すぐさま集合するやGPSなどを駆使して志貴達が乗っていた車の場所を確認、この場所、つまりヴィースの巡礼聖堂に集合していた。
既に志貴と士郎が乗ってきたであろう車も発見し既に二人はここに到着しているであろう事も確認済みだ。
今は二人一組になって『闇千年城』の入り口を探している。
「間違いないわね。お爺様が言っていた外観も完全に一致している。これが『闇千年城』・・・」
「厭味ったらしいくらい私や姉さんの城と似ているわね。それとも私達の城がこれに似せたのかしら?」
「さあ?でもどっちでも良いんじゃない?」
「それもそうね」
そんな事を言っている内に城の外周を一周し終えたが、どこにも正門は 見つからない。
それはあちこちを探していたほかのメンバーも同じだったようだ。
「駄目ねどこにも見当たらない」
「隠し通路とかあるかもって探してみたんだけど・・・」
「ですが志貴と士郎がここまでたどり着き車にも誰もいない・・・であるならばすでに城内に二人がいる事は明白です」
火傷の手当を終えて白い包帯で覆われた右手を顎に当てて思案に暮れながらシオンが言う。
「では二人は一体どこから・・・」
とその時、アルクェイドの髪が一気に伸び、その空気も一変した。
「!!な、何!」
「・・・案ずるでない宝石の力を借りし娘達。我はお主らに手を下す気はない」
そう言って空気が一変したアルクェイドはどこか懐かしそうにそれでいて痛ましげな感情をも浮かべ『闇千年城』をただただ見つめ続ける。
「・・・たわけが・・・我は確かに貴様に勅を下した。
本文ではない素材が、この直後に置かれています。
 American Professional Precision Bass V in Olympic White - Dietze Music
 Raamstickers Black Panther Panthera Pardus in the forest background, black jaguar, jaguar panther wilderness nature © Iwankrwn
だが、ここまで長きに渡り勅を守れと言った覚えはないぞ・・・」
そう、何かに呟くとアルトルージュ達にその視線を向ける。
「城内に入る術を探しているようじゃが、無駄骨じゃぞ」
「・・・影の王位にて受け継がれし覇者の杖(ロード・オブ・シャドー)」
その言葉を耳にした直後士郎は何が起こったのか全く理解していなかった。
しかし、その身体は・・・・長きに渡り死線を掻い潜ってきた本能はいち早く行動に移った。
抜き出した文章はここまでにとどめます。